These chemicals now flood the modern drug market. Many have psychoactive effects that are much more intense than those of traditional drugs. One newly emerging drug, cychlorphine, can be 250 to 500 times as strong as heroin and 10 times as strong as fentanyl.
Chemical Analyst is a small-time, independent dealer who supplies powerful drugs without a cartel or gang for support. From an apartment in the northeastern United States, he places online orders for drugs made in a lab in China, repackages them and sells them domestically.
Operations like this represent the frontier of a drug market that is increasingly democratized. Compounds can be made in labs all over the world, ordered online and shipped anywhere. And because these drugs are often entirely new chemical compounds, they are difficult for law enforcement officials to detect.
We interviewed Chemical Analyst over the course of a year, after meeting him through others who use and sell these new, potent drugs.
He allowed The Times to observe his operation on the condition that his identity would remain confidential. He is a felon on probation who fears further prosecution. He is also a functional addict who regularly buys, sells and ingests some of the most potent drugs in the world.

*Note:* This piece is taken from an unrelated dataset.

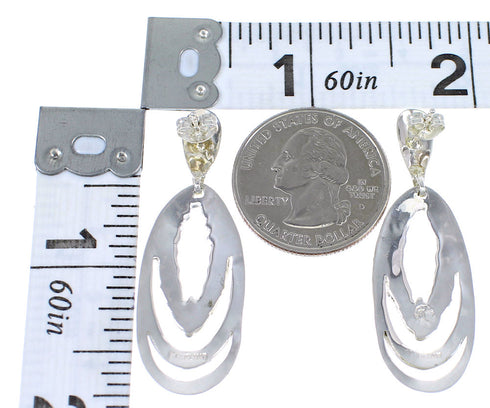 Sterling Silver Southwest Turquoise Opal Post Dangle Earrings QX69405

The Times decided to describe parts of his process because they are vital to understanding both the origins of ultrapotent drugs and the difficulties faced by law enforcement in tracking and interdicting these new compounds.
In 2022 and 2023, Chemical Analyst was a street dealer of fentanyl and crack. His setup at an apartment “is so much safer,” he said. “I don’t have to worry about running if a cop rolls up through the alley,” he added. As his own use gravitated to more potent drugs, he developed the connections and expertise to sell them, too.
His latest drugs arrived in mid-October from China in a silver Mylar bag. He paid $4,370 in cryptocurrency for the shipment, which contained several powerful and potentially deadly synthetic compounds.
One bag held a 100-gram slab of MD-PiHP. The drug is a cathinone, a class of stimulants often sold as “bath salts” that can induce psychosis. In markets where these stimulants are particularly popular, like Miami, they are increasingly showing up in toxicology reports from people who suffer fatal overdoses.
On the secure video call, Chemical Analyst measured 100-milligram crystals of the drug into small bags. He sprayed the bags with bleach to remove his DNA, applied labels from an untraceable thermal printer and wore textured latex gloves to keep the bags clean of fingerprints. Because Chemical Analyst is a convicted felon, his prints are already in state databases.
He moved the drugs into smaller baggies and weighed them. He then sealed them into packages for shipment. He wrote a false return address so he could not be traced and drove far from his residence to drop them in the mail.
Chemical Analyst said that people might assume he sold on the “darknet,” a restricted network that requires special software to access. But he has a website on the regular internet, and he takes steps to conceal his whereabouts and identity. He accepts cryptocurrency payments, but he avoids Bitcoin because he worries that it might be trackable.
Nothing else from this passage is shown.